Shieber writes that the current system of publishing is an example of the "moral hazard" economists call the "overconsumption of a good by a consumer who is insulated from the good's cost."

Here's how he says it works in journal publishing: "The 'consumers' of scholarly articles (the readers, typically faculty, students, and researchers at universities and other research institutions) are insulated from the cost of reading, that is, from the subscription fees paid by the institutions' research libraries. The expected result -- inelasticity of demand and hyperinflation -- can be amply seen in the statistics of serials costs paid by research libraries.

"As subscription fees hyperinflate, libraries with budgets that at best merely match inflation must inevitably drop subscriptions, reducing access to the scholarly literature.
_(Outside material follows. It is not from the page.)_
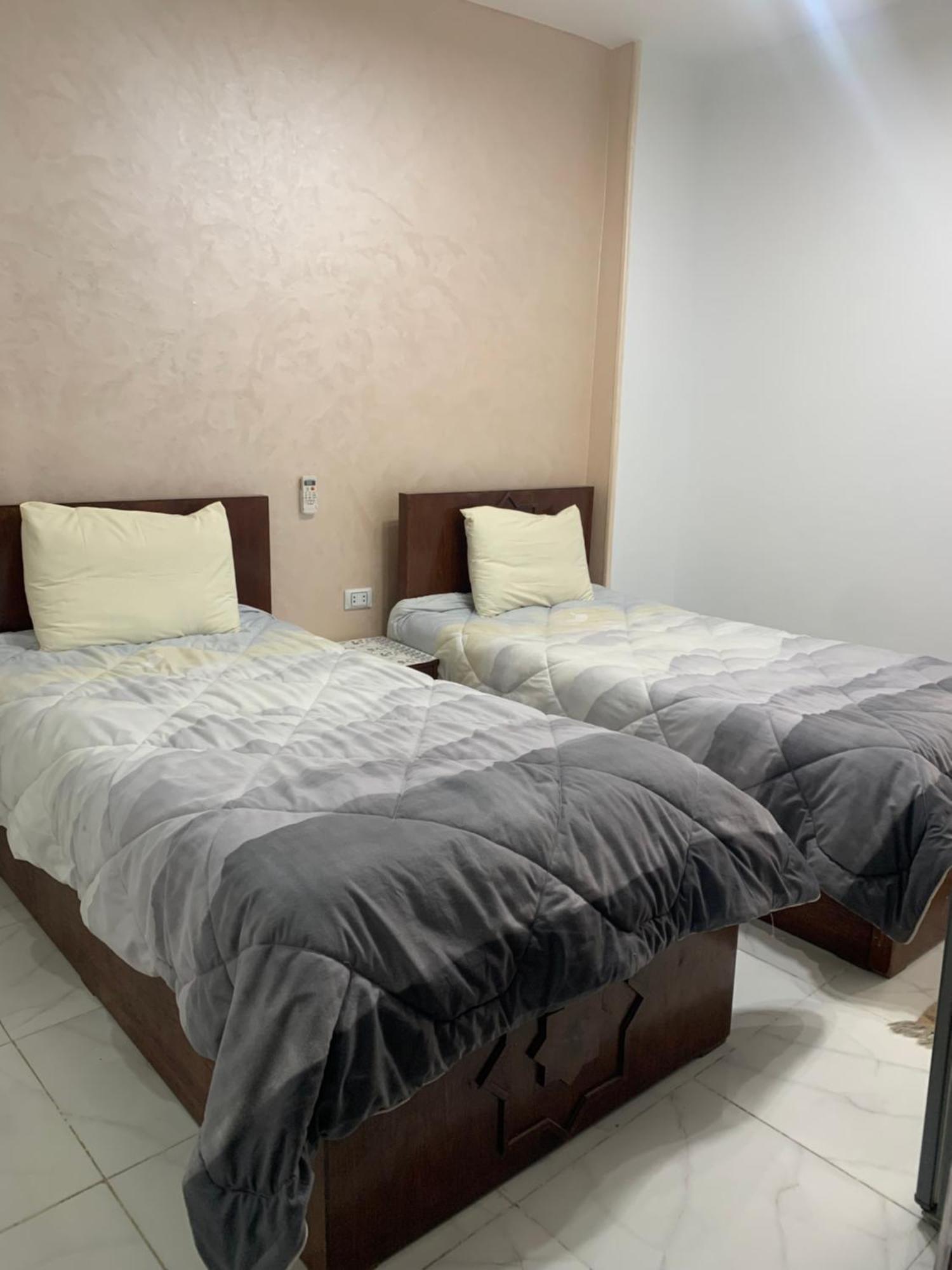 Pyramids Home Guest House Kafret el-Gabal Exteriör bild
The problem has been dramatically exacerbated by the current economic downturn. Some research institutions, including my own, are beginning to entertain wholesale elimination of subscription access to entire groups of serials, as library budgets take large cuts. Such elimination of access is bad for the scholarly enterprise, and the threat of unsustainability of journals is especially worrisome given the invaluable services that they provide to scholars...."

Robert B. Townsend, assistant director for research and publications of the American Historical Association, said he was skeptical of the compact, at least based on what was released Monday.

"My ambivalence is the utter lack of clarity, and the tendency in most open access discussions to treat the science journals as normative," he said. "The lack of recognition of the vast differences between disciplines makes this look like more of the usual one-size-fits-all open access thinking that prompted our efforts on the [National Humanities Alliance] report. I hope that report will have some effect on their thinking, if and when these universities try to turn their words into deeds, but I am not optimistic."

Kevin Guthrie, president of Ithaka, an organization that has encouraged the development of new economic models for scholarly publishing (but that wasn't involved in the new compact), said that the compact will be "really valuable" in that it will attempt to find out whether the funds put forward by the universities match the financial needs of the open access journals.

Guthrie said that the action of the participating universities "takes us to the actual process" of making open access work, but he cautioned that "the transition is not going to be easy."

Among the key questions now, he said, are whether these institutions' actions lead to "widespread adoption" of the pledge and "widespread rejection" of traditional models. While Guthrie said it was "a very tough challenge" to overhaul the journal publishing system, he said Monday's announcement was a sign that "institutions really want to see this happen."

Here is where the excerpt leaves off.